Car racing: a history of motorsport in Bulawayo

The Chronicle

Barnabas Masimba, online reporter

DRAGS, circuit drive, drifting, endurance race… Bulawayo Motor Club (BMC) is the place to be when one wants to see how powerful racing cars can be. From vintage to the latest cars, Manufacturer standard to custom made, professional racers to individuals as long as one believes they are capable, it’s there at the club.

A once whites-only sport is now raceless and classless. It is one sport where you people of all races laughing together, debating and socialising. BMC is located in Richmond along the Bulawayo- Victoria Falls Road. One of the pioneers of the sport and racing club was John Love. John Love is not a new name in Bulawayo. Many people who use Plumtree road to get to the city centre know it as a garage and drop off point. Well who is John Love?

John Maxwell Lineham Love (7 December 1924 – 25 April 2005) participated in 10 Formula One World Championship Grands Prix, debuting on 29 December 1962. He achieved one podium, and scored a total of six championship points.

Love was born in Bulawayo. He started his car racing career in a single-seat Cooper F3 with a Manx Norton 500 cc engine after racing a Triumph Grand Prix motorcycle, which Love then-allowed Jim Redman to ride when starting his race career, in recognition of Redman’s assistance in preparing and maintaining Love’s Cooper.

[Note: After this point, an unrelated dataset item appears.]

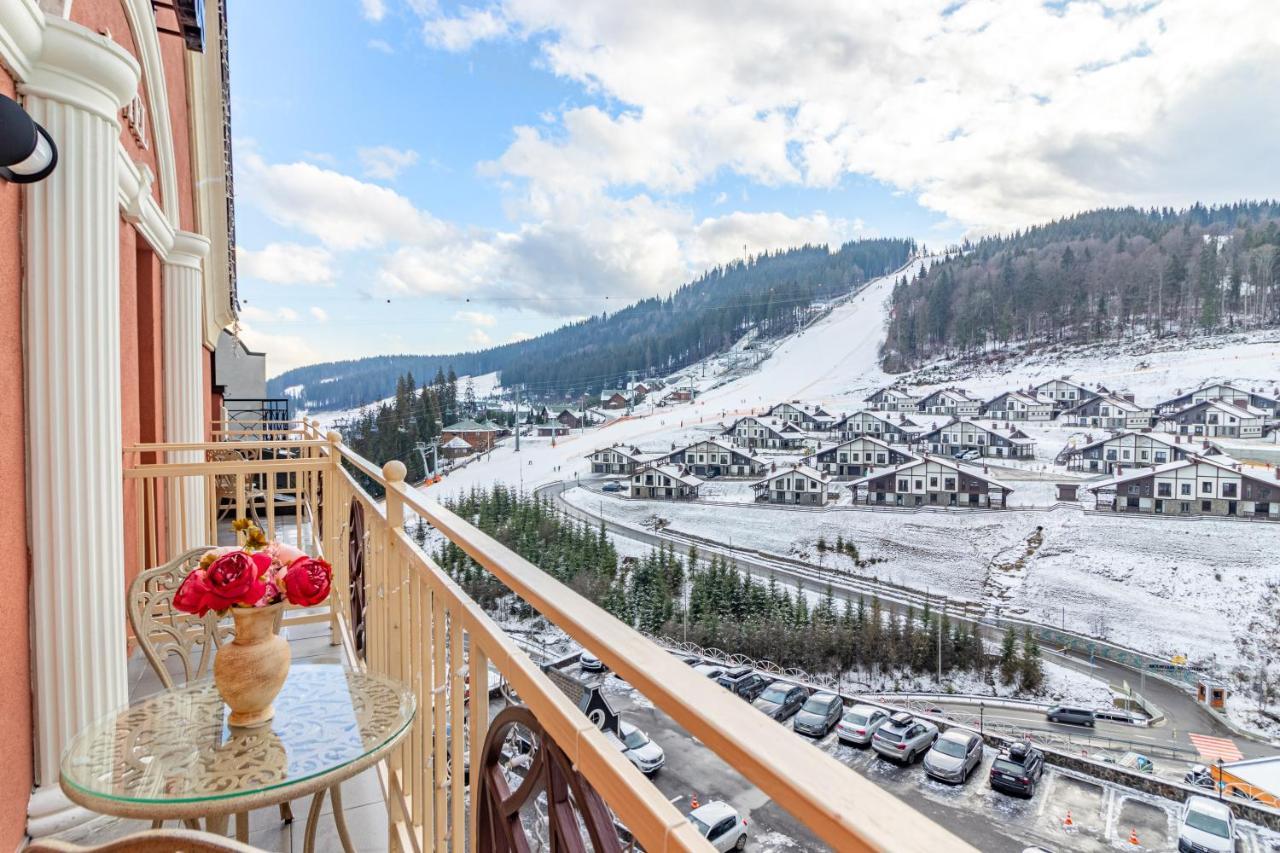 Petros Hotel 부코벨 외부 사진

Six times South African Formula One Champion in the 1960s, he had originally shone in the European Formula Junior firmament back in 1961–62 at the wheel of a Cooper-Austin from Ken Tyrrell’s team. An unfortunate accident at Albi resulted in a very badly broken arm and effectively thwarted his chances of moving into full-time Formula One, but he came close when he was nominated as Phil Hill’s replacement in the works Cooper team for the 1964 Italian Grand Prix at Monza.

He was a regular contestant in the South African Grand Prix from 1965 to 1972. He was leading the 1967 South African Grand Prix at Kyalami in his 2.7 L Climax-engined Cooper, when a misfire prompted him to make a precautionary stop for extra fuel. He dropped back to finish second behind the works Cooper-Maserati of Pedro Rodríguez.

Love would dominate racing in southern Africa in the 1960s, winning the South African Formula One Championship six times in succession from 1964 to 1969. He would also win his home race, the Rhodesian Grand Prix, six times.

He had his own stock car racing team in the 1980s, he also had a fuel station and garage by Fort street and 12th Ave. He died in 2005, aged 80, from cancer, in Bulawayo.